## Required work
The needed output is the run of lines below from the one containing "نظافه 💯 رجالي" through the one containing "Image 2 : Lot", copied exactly and free of pictures.

## Input material
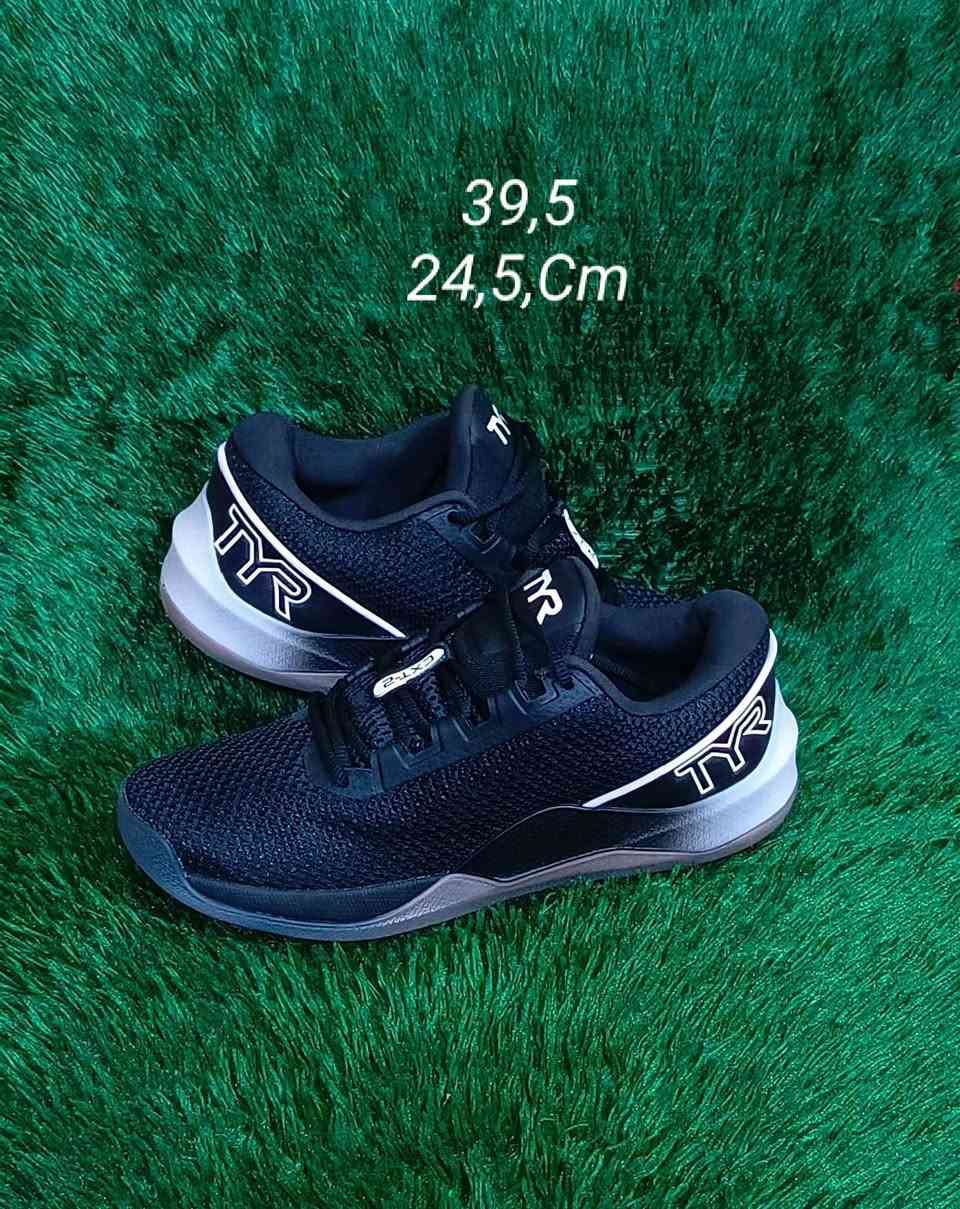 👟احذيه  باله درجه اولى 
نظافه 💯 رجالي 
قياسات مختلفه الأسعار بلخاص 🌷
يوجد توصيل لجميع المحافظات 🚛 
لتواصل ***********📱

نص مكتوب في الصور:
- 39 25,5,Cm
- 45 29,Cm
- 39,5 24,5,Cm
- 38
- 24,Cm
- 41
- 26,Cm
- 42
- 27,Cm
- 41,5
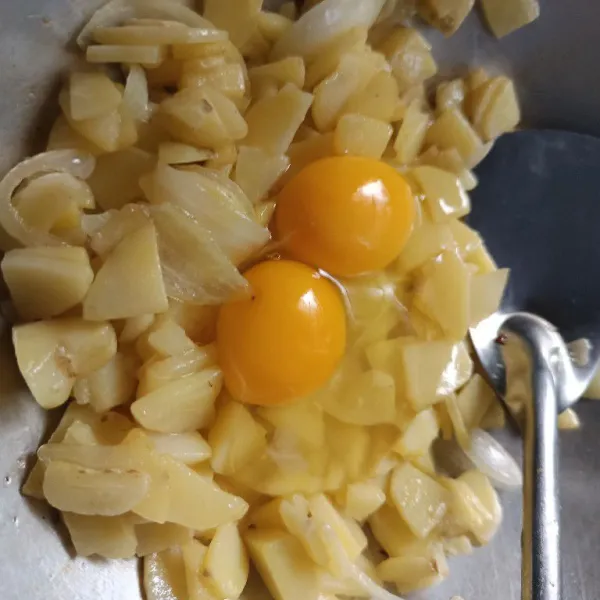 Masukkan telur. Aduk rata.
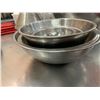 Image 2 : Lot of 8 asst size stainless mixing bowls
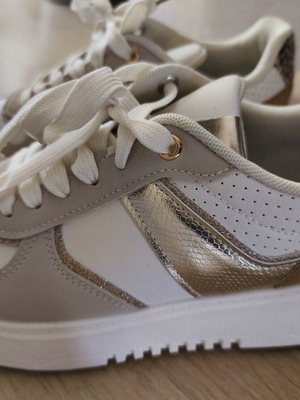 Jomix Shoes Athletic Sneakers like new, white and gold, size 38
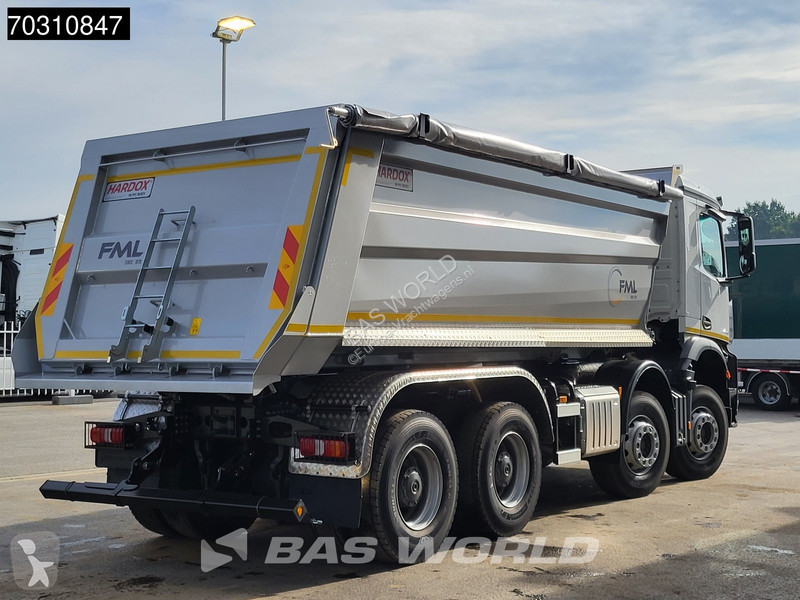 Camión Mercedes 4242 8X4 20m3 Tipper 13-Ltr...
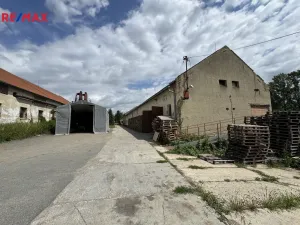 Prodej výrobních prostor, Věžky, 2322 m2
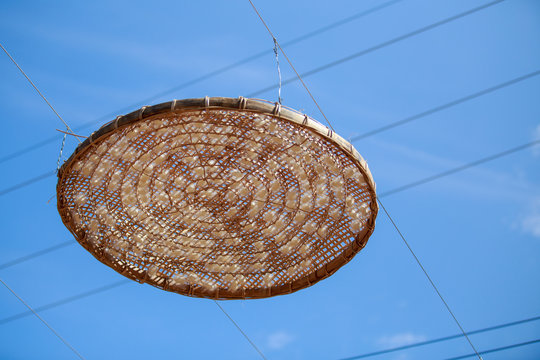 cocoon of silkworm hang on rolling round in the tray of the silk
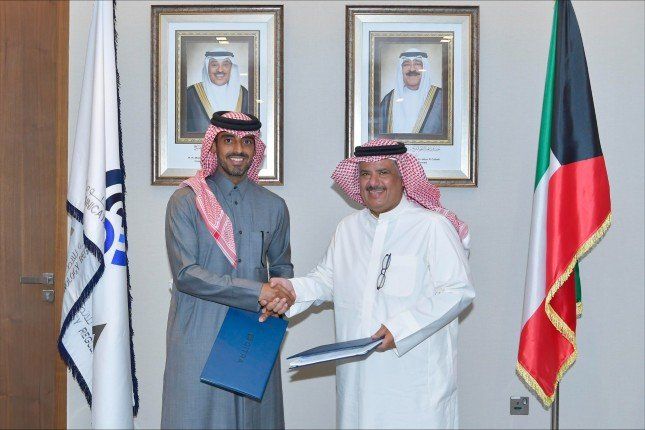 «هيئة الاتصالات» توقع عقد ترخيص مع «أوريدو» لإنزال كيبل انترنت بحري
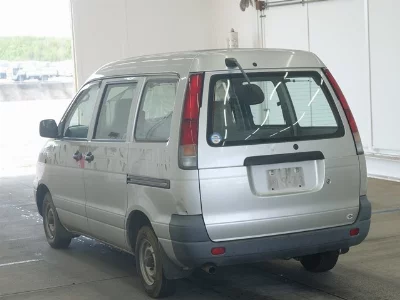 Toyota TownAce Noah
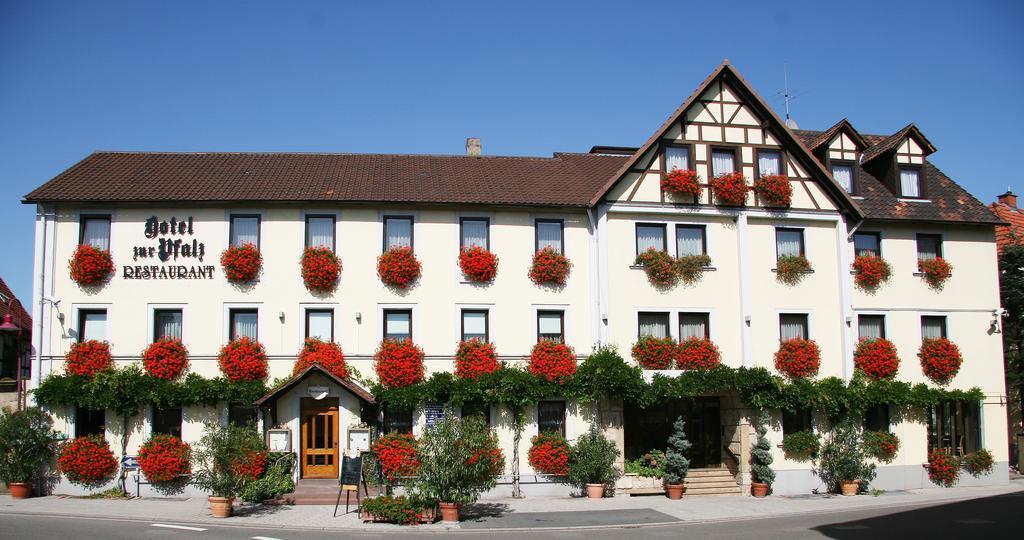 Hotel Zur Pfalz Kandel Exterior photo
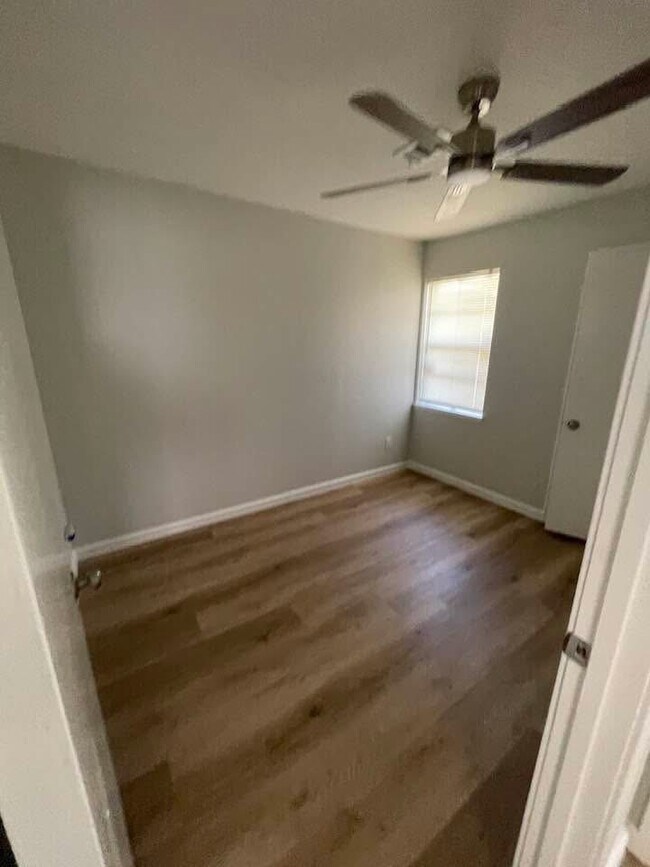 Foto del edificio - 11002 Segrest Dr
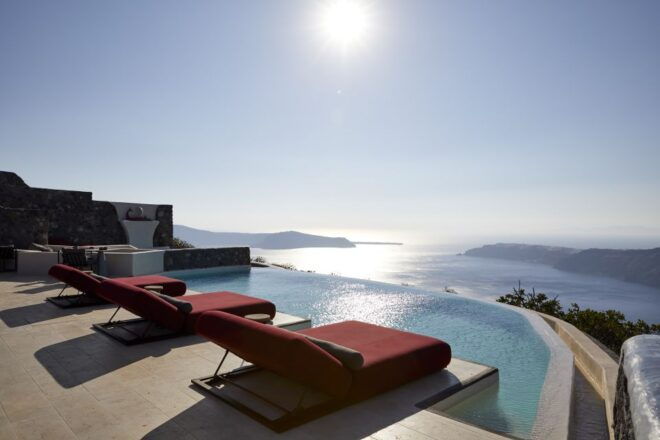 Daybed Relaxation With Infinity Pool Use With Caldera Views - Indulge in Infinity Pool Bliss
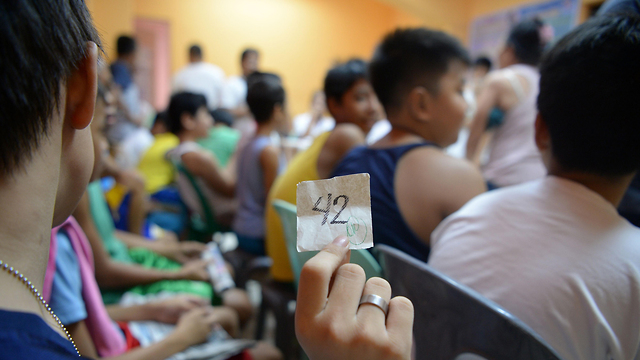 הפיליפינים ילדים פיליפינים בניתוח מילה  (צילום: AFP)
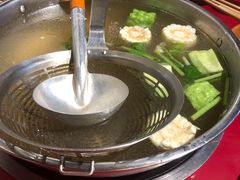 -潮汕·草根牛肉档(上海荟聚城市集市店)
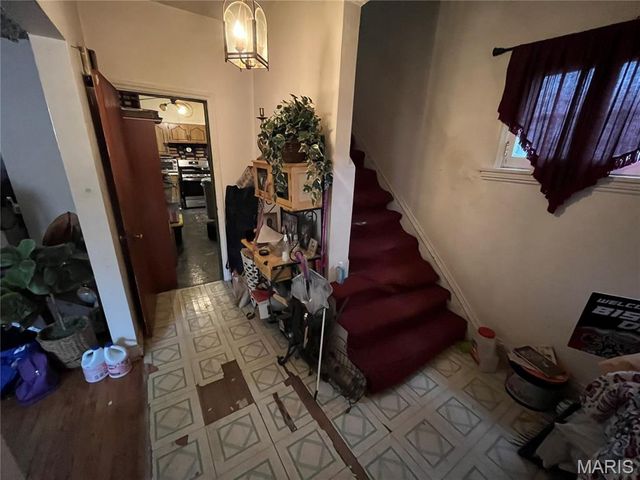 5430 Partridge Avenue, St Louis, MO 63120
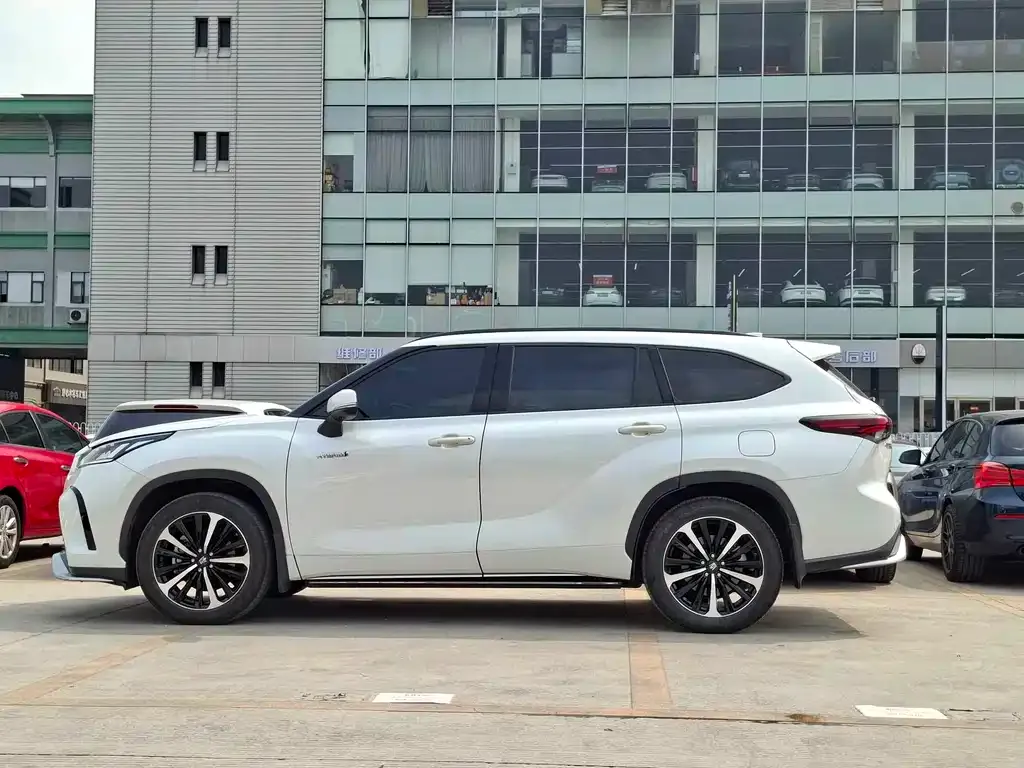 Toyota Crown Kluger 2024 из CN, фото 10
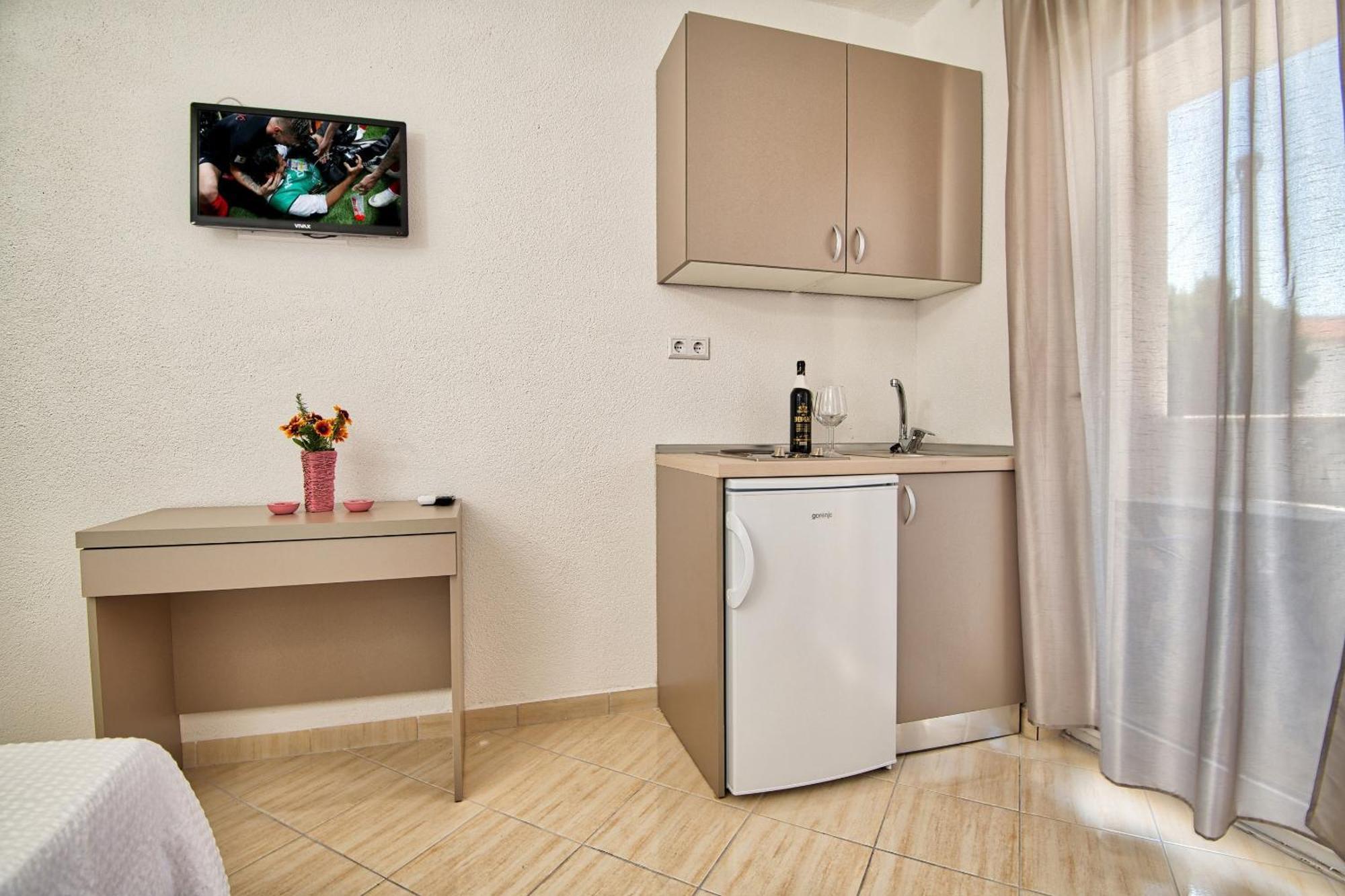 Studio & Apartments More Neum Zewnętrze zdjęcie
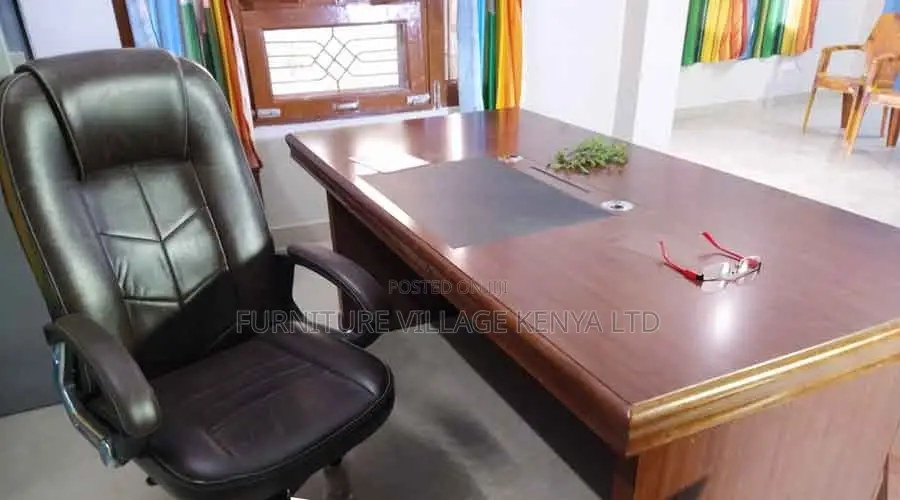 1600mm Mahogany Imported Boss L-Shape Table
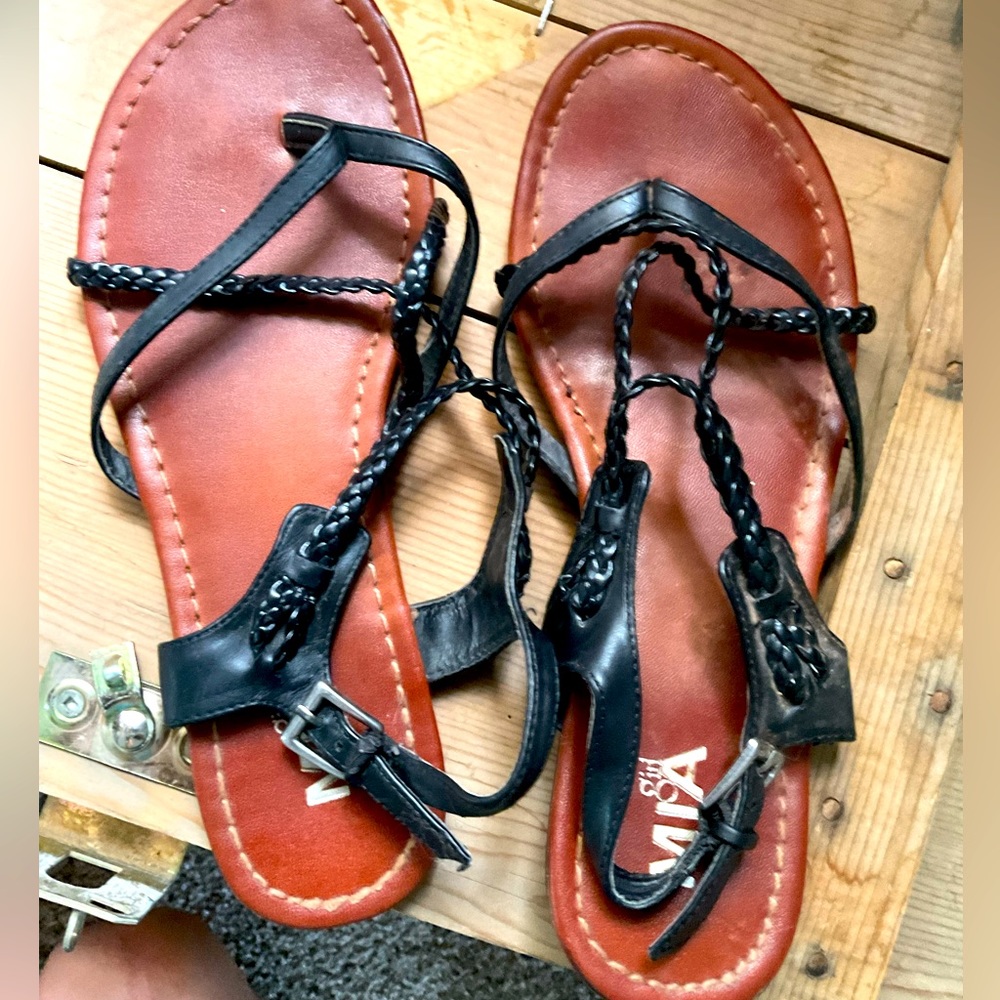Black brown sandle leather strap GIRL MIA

## Your solution
نظافه 💯 رجالي 
قياسات مختلفه الأسعار بلخاص 🌷
يوجد توصيل لجميع المحافظات 🚛 
لتواصل ***********📱

نص مكتوب في الصور:
- 39 25,5,Cm
- 45 29,Cm
- 39,5 24,5,Cm
- 38
- 24,Cm
- 41
- 26,Cm
- 42
- 27,Cm
- 41,5
 Masukkan telur. Aduk rata.
 Image 2 : Lot of 8 asst size stainless mixing bowls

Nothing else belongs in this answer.